> Source data:

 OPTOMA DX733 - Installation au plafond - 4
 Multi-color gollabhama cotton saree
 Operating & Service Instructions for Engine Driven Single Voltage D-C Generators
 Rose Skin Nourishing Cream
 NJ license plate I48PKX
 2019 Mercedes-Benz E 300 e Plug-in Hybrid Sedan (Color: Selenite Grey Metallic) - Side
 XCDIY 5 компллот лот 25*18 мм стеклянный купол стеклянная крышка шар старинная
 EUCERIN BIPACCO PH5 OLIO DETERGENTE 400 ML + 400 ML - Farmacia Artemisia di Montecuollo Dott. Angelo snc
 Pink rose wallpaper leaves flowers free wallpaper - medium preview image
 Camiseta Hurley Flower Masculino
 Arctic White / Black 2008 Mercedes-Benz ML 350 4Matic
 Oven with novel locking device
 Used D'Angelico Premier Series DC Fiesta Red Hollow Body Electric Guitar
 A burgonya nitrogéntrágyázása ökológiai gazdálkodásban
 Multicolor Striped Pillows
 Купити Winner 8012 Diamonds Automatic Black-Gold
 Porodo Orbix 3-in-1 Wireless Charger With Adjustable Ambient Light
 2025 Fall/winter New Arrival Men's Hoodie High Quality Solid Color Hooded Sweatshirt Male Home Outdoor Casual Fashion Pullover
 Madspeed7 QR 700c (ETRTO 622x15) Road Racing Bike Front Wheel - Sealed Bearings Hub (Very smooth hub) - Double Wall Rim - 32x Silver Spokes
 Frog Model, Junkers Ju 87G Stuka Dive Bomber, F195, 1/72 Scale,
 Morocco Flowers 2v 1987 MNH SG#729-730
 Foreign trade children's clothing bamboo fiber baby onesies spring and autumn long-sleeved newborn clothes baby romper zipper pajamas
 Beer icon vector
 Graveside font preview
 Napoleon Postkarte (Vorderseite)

> Task instructions:
Copy out every line of the listing that contains the string "preview".

> Solution:
 Pink rose wallpaper leaves flowers free wallpaper - medium preview image
 Graveside font preview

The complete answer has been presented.